Whisk the egg white with 1 teaspoon of cold water until well frothy.  Add the nuts, sugar salt and spices and stir well.

Spoon the mixture  evenly onto a couple of well greased baking sheets and cook at 110 degrees C (220 degrees F) Gas mark 1/4 for an hour.  Stir to distribute the nuts every 15 minutes or so.  Cool and store in an airtight container for up to three weeks.

Makes about 1lb in weight.  Not suitable for freezing.

Also suitable to make as a pressie.  if you were thinking of selling them at a fair to raise funds for a local charity, serve them in paper cones.

You will not be able to stop nibbling.

Catch you soon

Pattypan

x



Wednesday, 25 November 2015

Getting Ready for Christmas Part 17 - The Start of A sort of Shopping List - Food

There are better things to do with one's lunch hour but then again at times needs must and  I  admit that I am very sad; I spent my lunch in Marks & Spencers writing a bit of a shopping list for some of the bits that I need for the cooking at Christmas and working out the prices.  They have quite a few nice bits . I like to do a recce - there will be some things I will buy but where I can make things myself I will do.  I am sorry for grumbling it just makes me so mad at the prices charged  but even they have little bags of honeycomb less than half a tray for £5 a bag! Aargh! The main ingredient in the Cinder Toffee is 1lb of granulated sugar.  I do not know about you but I am paying 79p for a 1kg (2.2lbs) bag at present.


I was looking mostly at dried exotic fruit but next year I will have my own once I have got to grips with the Dehydrator - not really had time to play so I am hoping to remedy that pretty promptly. However in the interim I will have to buy in.  I was looking for Cranberries today.  I always make fresh Cranberry sauce with Grand Marnier to go with the Turkey and any other cold cuts of meat.  But when Cranberries are in season I always make a scuttle full of Cranberry jelly I use it prolifically throughout the year so I like to have plenty in store.  This year though I want to dry a lot of fresh Cranberries for use during the year and also for next year's preparations. 

I have lots of plans for the Dehydrator and I am hoping to start with it this weekend with some more Orange slices, apple slices etc. for Christmas decorations.  I am also sending for cinnamon quills this weekend as I have a wreath project I would like to have a go at as well.  I just wish the house was bigger so I had room to move and breathe.  One day.  I never really have time to be bored just not enough hours in the day to achieve what I want to.  Life is for living and for learning and for giving and sharing. 

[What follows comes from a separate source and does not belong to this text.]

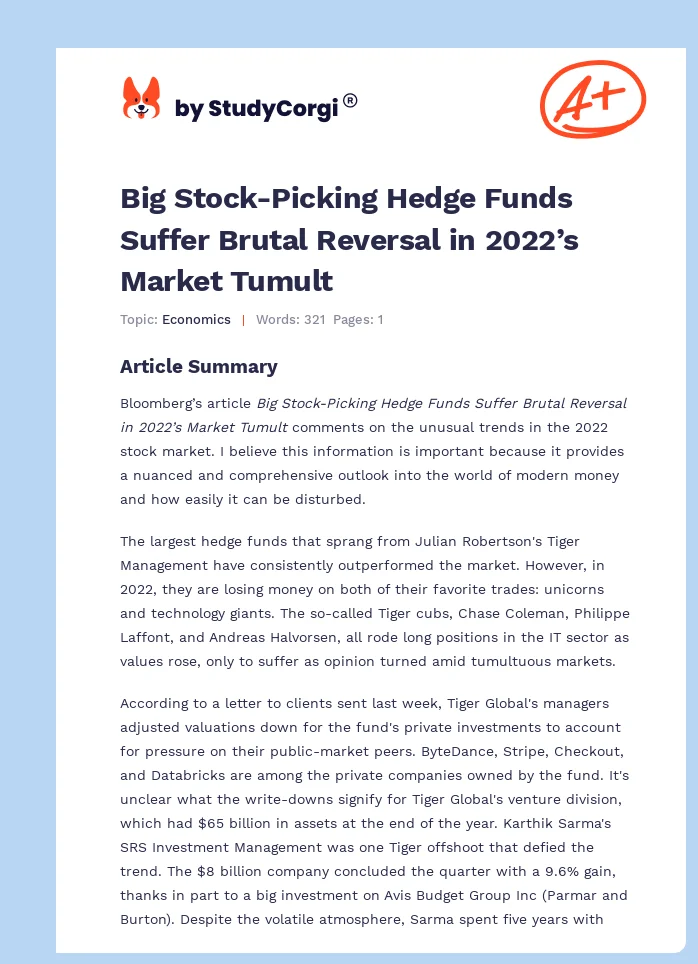 Big Stock-Picking Hedge Funds Suffer Brutal Reversal in 2022’s Market Tumult. Page 1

M & S seem to have quite a nice selection of alcohol, liqueurs etc. so I will have a look in the next week or so.  However I am not going to buy their mulled red wine,mulled rose wine or mulled white wine as I am going to prepare my own from scratch.  It is a bit expensive.  I am however rather partial to mulled wine.

I am also in due course hoping to get a proper canner.  Its on the list but I need to save up and put the pennies to one side.  Gives me something to aim for.

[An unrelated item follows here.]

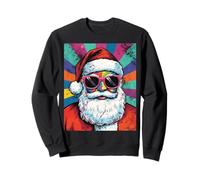 Retro Santa Sunglasses Pop Art Graphic Christmas Design Sudadera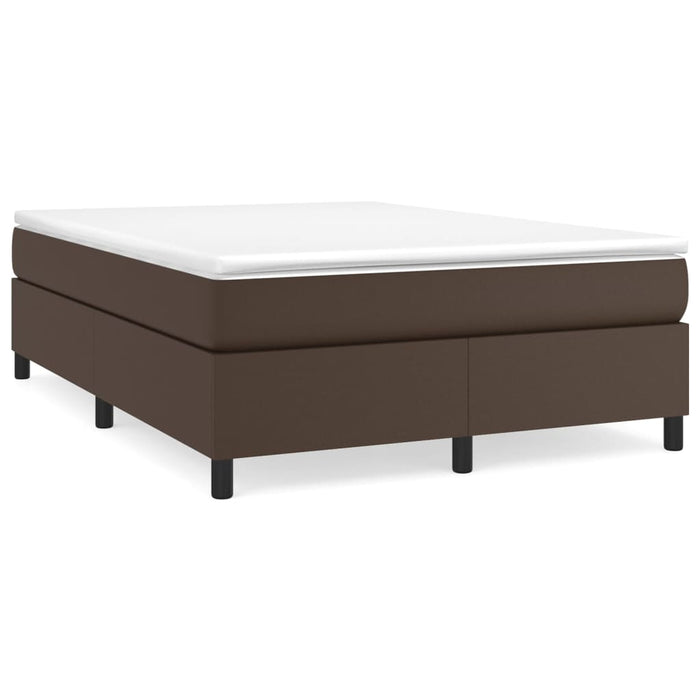 Cadru de pat cu arcuri, maro, 140x190 cm, piele ecologică WALTI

Loads of ideas buzzing round my head for now and next year. 

Catch  you soon

Pattypan

x

Tuesday, 24 November 2015

Getting Ready for Christmas Part 16 - Sweet Making - Honeycomb/Cinder Toffee

You probably know this better as the middle of a Crunchie. 

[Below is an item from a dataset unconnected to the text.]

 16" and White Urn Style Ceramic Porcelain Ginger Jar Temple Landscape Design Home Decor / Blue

Cinder Toffee or Honeycomb as it is also known as Yellowman in Ireland is one of my favourites and one of the first sweet making recipes I ever tried when I was at home as a teenager. Its light and its Moorish and it does not cost much to make.  Why then when I was in John Lewis's yesterday did I find a small bag of Cinder Toffee/Honeycomb/Yellowman for the princely sum of £6.  There wasn't even half a tray in the bag.  Someone is making a killing at your expense somewhere.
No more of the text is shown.